I confess – as a comprehensive, fee-only, financial planner – I am a fiduciary and feel that any person in my field who is serving a client should be one as well. I want every person providing investment advice to be obligated – by professional standards and regulatory and statutory authorities – to focus on the client and not the financial needs of the brokerage firm, insurance company or other firm for whom they work. As an advisor who practices this way, this is how I desire for my competitors to act. Lastly, if I were a client this is what I would expect as well.
However, it seems the SEC doesn’t share my view, and most professionals who give investment advice are not and probably never will be fiduciaries. As such, I felt especially vindicated in May when the DC Circuit Court of Appeals struck down the SEC’s rule that brokers could offer financial advice for a fee without becoming registered investment advisors or living up to fiduciary standards. The court told the SEC that professional advisors can not give their best advice “unless all conflicts of interest between the investment counsel and the client were removed,” and that the major focus of the Investment Advisers Act of 1940 “was to substitute a philosophy of full disclosure for the philosophy of caveat emptor.”

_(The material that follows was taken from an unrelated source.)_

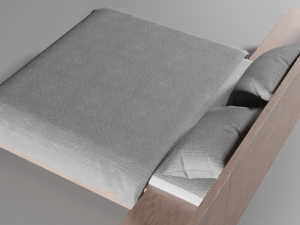 modern wooden bed 3D Model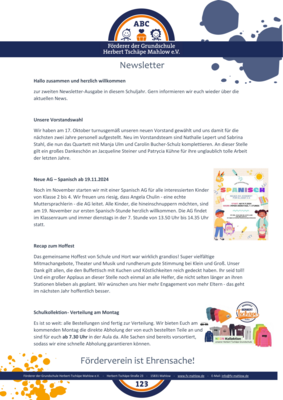 Foto des Albums: Newsletter November 2024 Förderverein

The court went further and said the 1940 Act was created to “safeguard the honest investment advisor against the stigma of the activities of faux professionals who follow fraudulent or deceptive practices.” Brokers have been living under this so called “Merrill Lynch exception” since 1999. So why am I not celebrating? Honestly, I am more worried today than before the decision because the decision made it clear that brokers cross into fiduciary territory simply by charging fees for their advice. A broker-dealer representative under the Act is exempt from RIA registration if that person offers investment advice that is “solely incidental to the conduct of his or her business as a broker or dealer, and who receives no special compensation therefore.” In other words, if the advisor acts solely in a transactional matter, no registration is required. When is the last time you heard someone holding themselves out as an advisor say they were simply completing the transaction vs. providing advice? Take a look at a business card. Does it say “transactional facilitator” or “advisor”?
I’m worried that the court’s ruling has backed the supporters of this business model into a corner. Those who have not been registered and putting clients first, have little choice but to adapt. If these companies decline to register, then they have to turn those asset management accounts into brokerage arrangements and take a blow to their credibility. If they decide to register as investment advisors, then every recommendation will be scrutinized by the courts in light of their conflicts of interest.
Given the changes at hand and the money associated with it, there are bound to be changes but what kind and how severe? That is open to much debate and will play out in the press, Congress and back offices of many firms in the coming months.
In the mean time, advisors should simply take a fiduciary oath to their clients and put their interests first.